JamesRL: Think before you post,
because, in every one of your statements, you make the mistake of painting everything as simple black and white.
When Bush was at the end of his term, that's when the economic crisis reared its ugly head, and that crisis was a long time in the making, taking decades before it crashed the economy.
Now, Bush, realizing that he wasn't going to be leading the economy in the near future, had to delegate a lot of decisions to those that would still be around, and some of those were McCain and Obama, and thus Obama and McCain became part of the architect team to make decisions to try to rescue the economy. Bush made some very bad moves in trusting a RINO and a progressive and the liberal congress to create policies for the economy. Nothing good ever comes from liberal economic policies, and we're experiencing the results right now.
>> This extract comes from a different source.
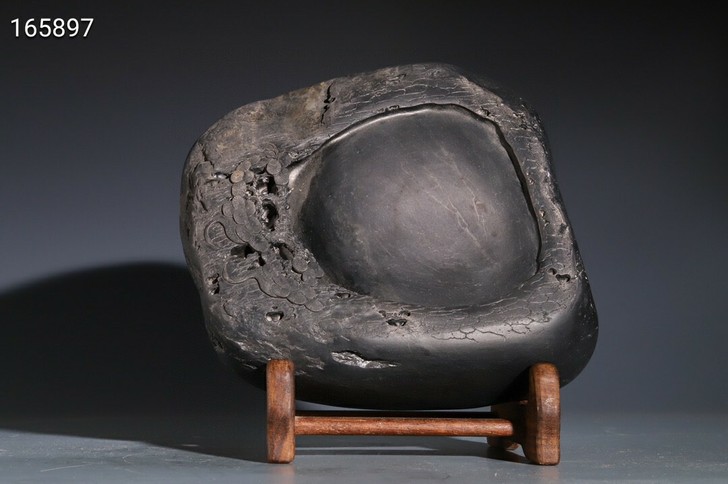 旧藏 老坑端石 松鹤延年 文房端砚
Bush might have signed the paperwork for the loans to GM and Chrysler, but he actually have very little to do with the making of that policy.
Bailing out AIG and the banks was also something that Bush delegated to congress and to Obama and McCain. Again, a very bad decision, and we're not out of the woods yet on the repercussions from those decisions. The aftershocks are still being felt, and there will be many failures still to come from the bad policies. And YES, it was Obama as one of the chief architects of the bailouts, along with congress, that gave us the bad policies.
The stimulus is not something that anybody can just simply dismiss as being inconsequential. Nobody should ever think that spending close to a trillion dollars, and having most of it going down the drain, is inconsequential. That money could have best been used by corporations to create real long lasting jobs, and we'd have created real growth in the economy. A trillion dollars can go a long way in the hands of the right people,and government is absolutely the wrong kind of people for managing money.
Bush is not without fault, but Bush was also at the end of his term, and he was mostly delegating to those that would be overseeing policy after he left.
You, like the democrats, would have put blame on Bush, no matter which way the economy and policies turned.